Back in the scheduler, process_one_task() handles the result inside a DB transaction:

Success path

  1. API error guard: detect API errors masquerading as success (exit 0 with error text)
  2. Malformed output guard: detect leaked tool-call XML — reclassify as failure
  3. Confirmation check: regex match for confirmation requests → pending_confirmation
  4. Update to completed: stores result, actions_taken, execution_trace
  5. Memory search indexing: index conversation under user and channel namespaces
  6. Delivery routing: transport.routing.resolve_delivery_plan turns output_target into an ordered, channel-resolved destination list (Talk, email, ntfy, TASKS.md write-back, or stream surfaces web/REPL). Stream destinations need no push — the task_events log is the delivery

Failure path

  1. Check if task was cancelled by user (!stop command)
  2. Retry with exponential backoff (1, 4, 16 min) if attempts remain
  3. Mark permanently failed after max_attempts (default 3)
  4. Track scheduled job consecutive failures; auto-disable after threshold

Post-completion

After the DB transaction closes:

  1. Deferred operations: process JSON files from the sandbox temp dir (subtasks, transaction tracking, sent emails, KV ops, KG ops, health ops, user alerts, email output)
  2. Briefing digest: save for next-run deduplication
  3. Talk progress finalize: edit ack message with final summary
  4. Log channel finalize: edit/post completion message with skills and tool summary
  5. Result delivery: fan out to every push destination in the resolved plan (Talk, email, ntfy, TASKS.md); stream surfaces (web, REPL) deliver via the task_events SSE log

Log channel messages

When a user has log_channel configured, each task gets a log channel entry showing:

**[#12345]** ✅ Done (3 actions) - #channel-name
Skills: calendar, email, files, memory, sensitive_actions
📅 Listed calendar events
📧 Sent email reply
📄 Read USER.md

The skills line is populated by reading selected_skills from the DB after task completion. Controlled by log_channel_show_skills (default: true) in the [scheduler] config section.

Data flow gotchas

Column visibility in get_task()

The get_task() function uses an explicit column list in its SELECT, not SELECT *. When adding new columns to the tasks table, you must update three places:

  1. The ALTER TABLE migration in _run_migrations()
  2. The _row_to_task() mapping (with in row.keys() fallback)
  3. The SELECT column list in get_task() — easy to forget, and _row_to_task silently falls back to None

Skills are saved before execution, read after

save_task_selected_skills() runs early in execute_task(), before the Claude subprocess launches. The log channel finalize reads them back from the DB after the task completes. Any code path that clears or overwrites the row between those points would lose the skills data.

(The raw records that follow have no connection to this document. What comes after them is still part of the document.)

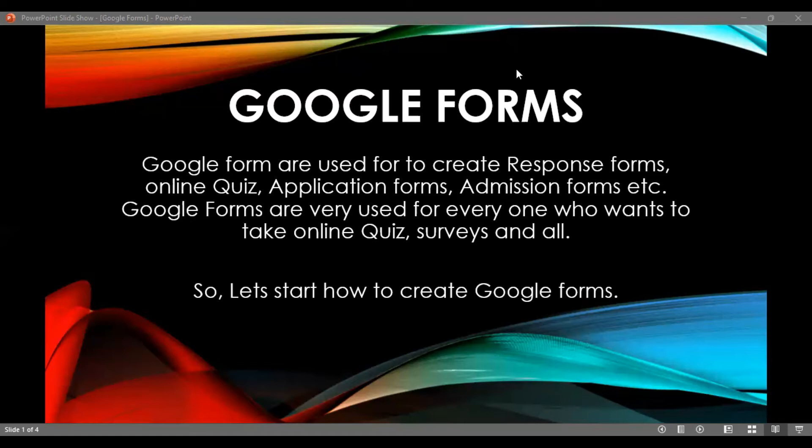If you are interested in your own business, you can create advertisements using Google Forms. Google Forms are used to create response forms for collecting information.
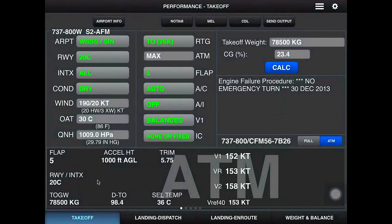And here it is. The assumed temperature is 36. There are the V-speeds: V1, VR, V2. You can also input other issues like NOTAM, MEL, or CDL if there are any. That's it in short — enjoy using Boeing OPT.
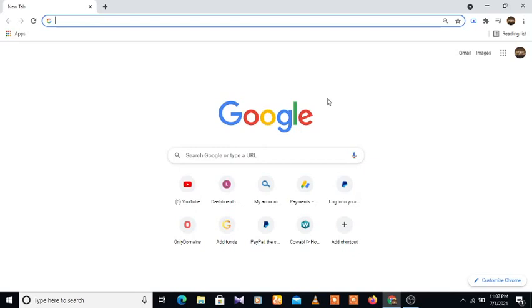If you're new to this YouTube channel, before getting started, please kindly hit the subscribe button and turn on the notification to get notified on every new video that we publish. So without further ado, let's jump right into it. Now we're going to go to our browser.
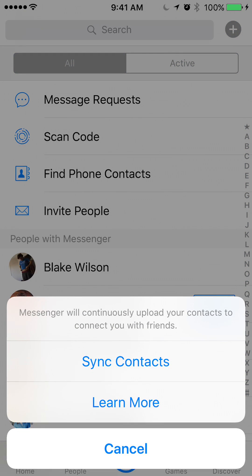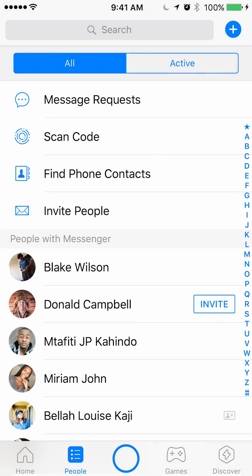Once you're there, a new menu should pop up at the bottom and then you can see sync contacts. Just click on that and then it's just gonna do its thing on its own.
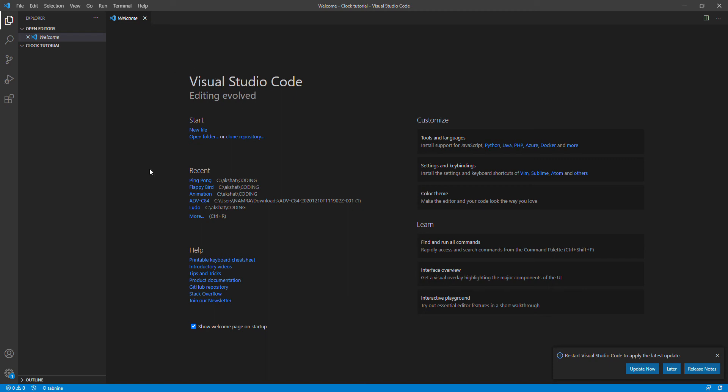Hey guys, welcome back to my channel. This is the bro coders Akshat, and today I will be teaching you how you can make a simple analog clock in Visual Studio Code. In today's tutorial, this is part one and I will be teaching you how you can draw the basic circle.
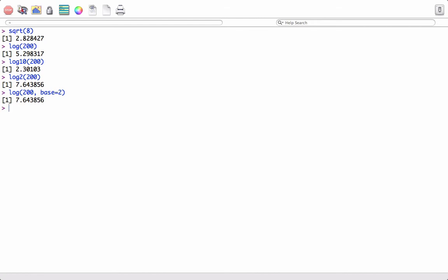We can also find the exponential by using the exp function. Say exp of 7.64. We can also use abs absolute function to find the absolute value. Say minus 21 gives 21.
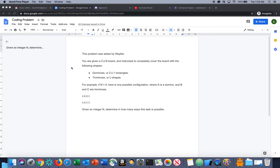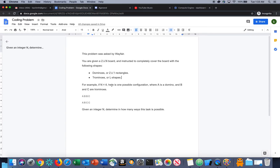This is another episode. Here I'll be talking about an interview question that was asked at Wayfair. The question states something like this: you're given a 2xN board and you have two shapes — one is 2x1 rectangles and another is L-shape. They're asking us to determine in how many ways we can use these shapes to fill in the board.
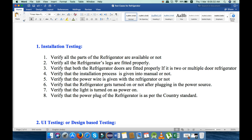Third, verify that both the refrigerator doors are fitted properly if it is a two or multi-door refrigerator. Next, verify that the installation process is given in the manual or not, because every refrigerator comes with its manual and in the manual everything is explained about how you can properly install the device. Next, verify that the power wire is given with the refrigerator or not.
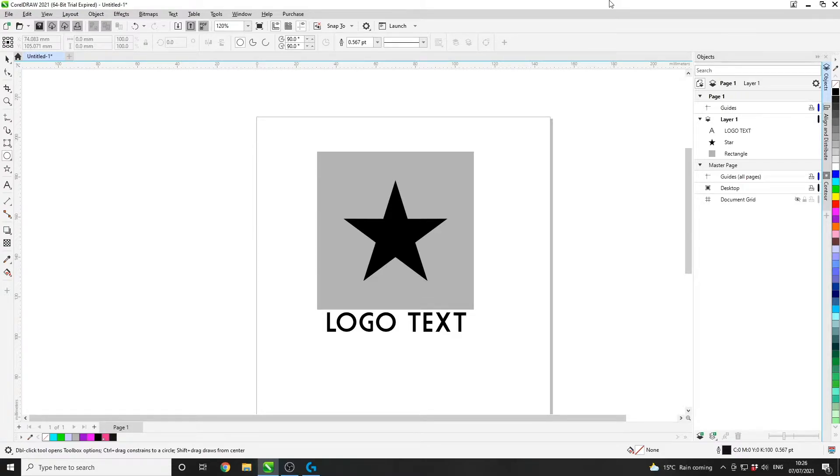Firstly, we're going to be looking to open the Roland VersaWorks Cut Contour Palette. However, this palette also works for the Mimaki Rasterlink software as well.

DB connections are short-lived

The scheduler opens and closes DB connections for each phase (claim, execute, result processing, finalize). This is intentional — long-held connections would block other workers via SQLite's write lock. Each with db.get_db() block is a separate transaction.

Command tasks skip the executor

Shell command tasks (task.command is set) bypass execute_task() entirely. They have no skill selection, no prompt, no streaming. Their log channel entries will never show skills.